== Task item ==
Your task is to transcribe each record exactly and to omit every image.

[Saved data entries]
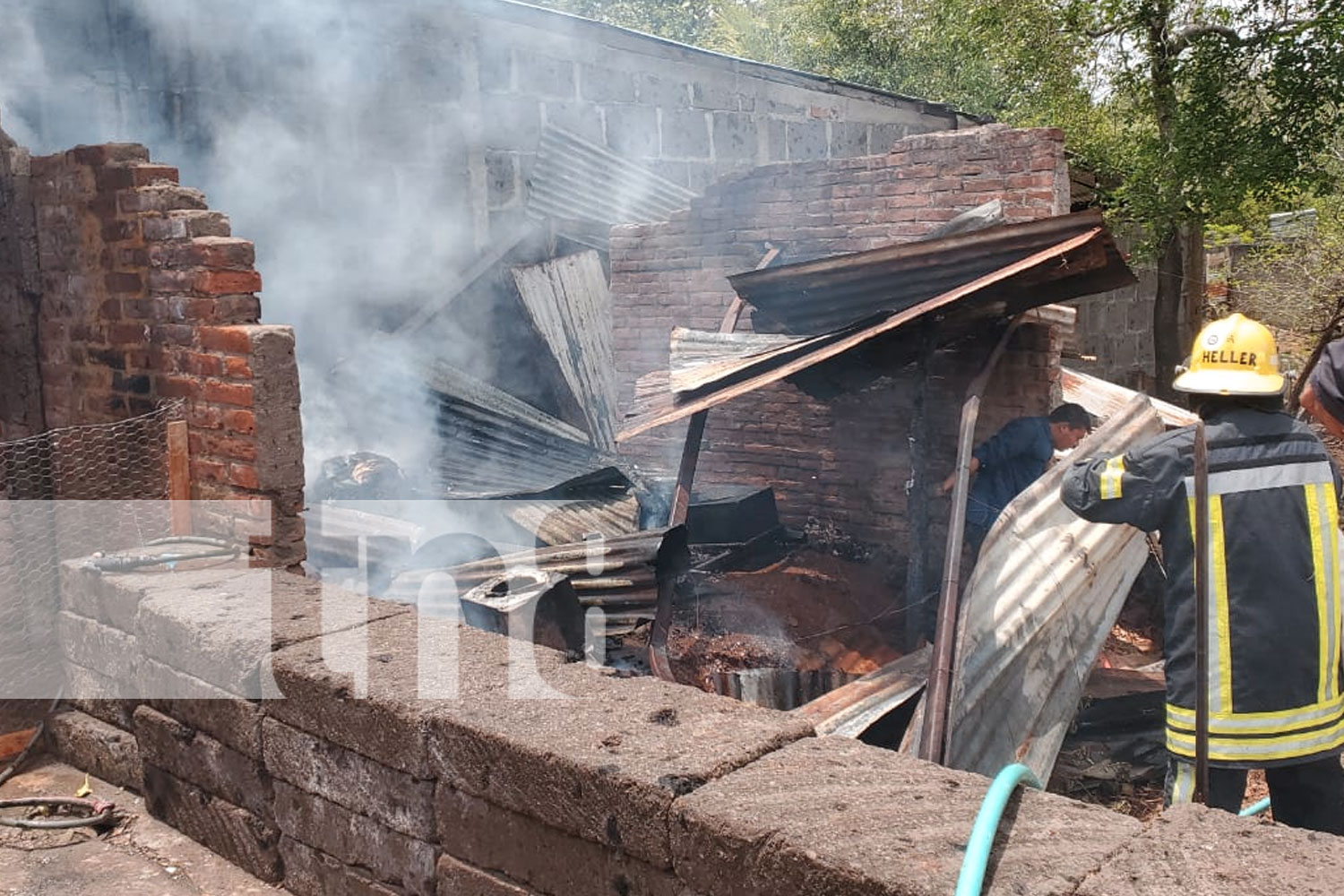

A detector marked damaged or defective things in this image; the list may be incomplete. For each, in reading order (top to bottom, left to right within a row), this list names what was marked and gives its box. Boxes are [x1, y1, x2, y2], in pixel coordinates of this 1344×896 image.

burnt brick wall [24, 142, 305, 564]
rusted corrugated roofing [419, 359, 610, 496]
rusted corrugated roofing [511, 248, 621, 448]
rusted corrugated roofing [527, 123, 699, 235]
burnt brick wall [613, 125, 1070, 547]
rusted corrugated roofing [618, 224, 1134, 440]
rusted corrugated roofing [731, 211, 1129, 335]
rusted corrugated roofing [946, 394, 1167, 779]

== Response area ==
A detector marked damaged or defective things in this image; the list may be incomplete. For each, in reading order (top to bottom, left to right within a row), this list names what was marked and gives its box. Boxes are [x1, y1, x2, y2], in pixel coordinates of this 1344×896 image.

burnt brick wall [24, 142, 305, 564]
rusted corrugated roofing [419, 359, 610, 496]
rusted corrugated roofing [511, 248, 621, 448]
rusted corrugated roofing [527, 123, 699, 235]
burnt brick wall [613, 125, 1070, 547]
rusted corrugated roofing [618, 224, 1134, 440]
rusted corrugated roofing [731, 211, 1129, 335]
rusted corrugated roofing [946, 394, 1167, 779]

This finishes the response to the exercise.